3. A voice synthesizing method according to claim 1 , wherein the speech style further includes foreign languages; and
the step of selecting prosody data selects a stereotypical sentence in said foreign languages, which is different from the language of the voice-contents, when the foreign language is selected as the speech style.
4. A voice synthesizer according to claim 1 , further comprising:
a step of determining a word to be inserted in a replaceable part in the stereotypical sentences and calculates a prosody data of the word; and
synthesizes the voice signal by inserting the prosody data of the input word to the replaceable part in the stereotypical sentences.
5. A voice synthesizer according to claim 1 , wherein the voice-contents is selected by selecting a voice-content identifier identifying voice contents.
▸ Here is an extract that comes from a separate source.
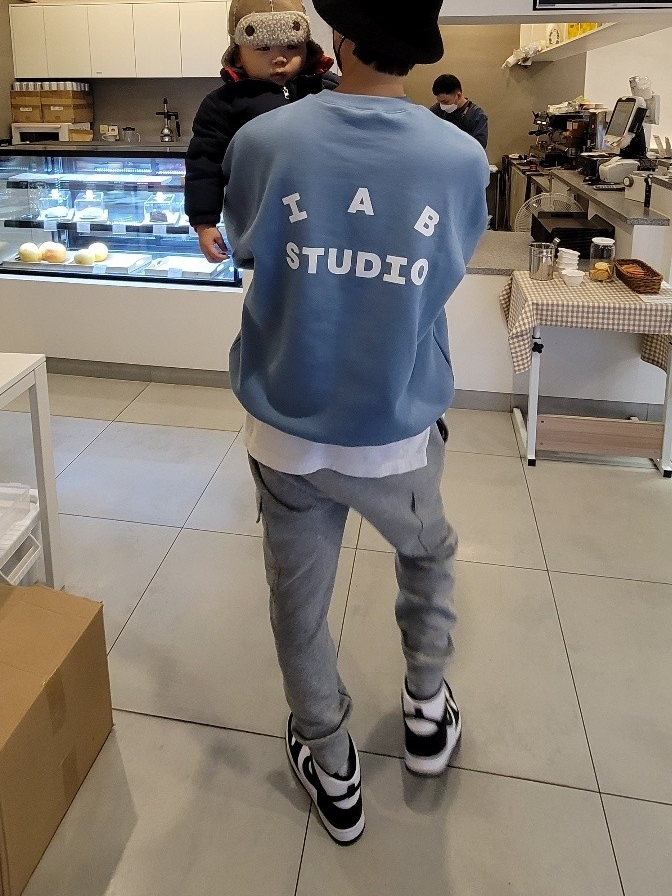 IAB Studio Crewneck Sky Blue, Nike Dunk High Retro Black and White 착용 스타일 - 2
6. A voice synthesizer, comprising:
a memory for storing a speech style dictionary in which speech-style information that specifies a speech style for a voice to be synthesized and prosody data of a plurality of stereotypical sentences each of which corresponds to predetermined voice contents and which is in the same language as the voice-contents are associated with each other;
pointing means for pointing to one said predetermined voice-contents and one said speech style of a voice to be synthesized at a time of voice synthesis; and
said voice synthesizing part selecting said prosody data of the stereotypical sentence which corresponds to the pointed voice-contents and the pointed speech style from said speech style dictionary and converting said prosody data to a voice signal.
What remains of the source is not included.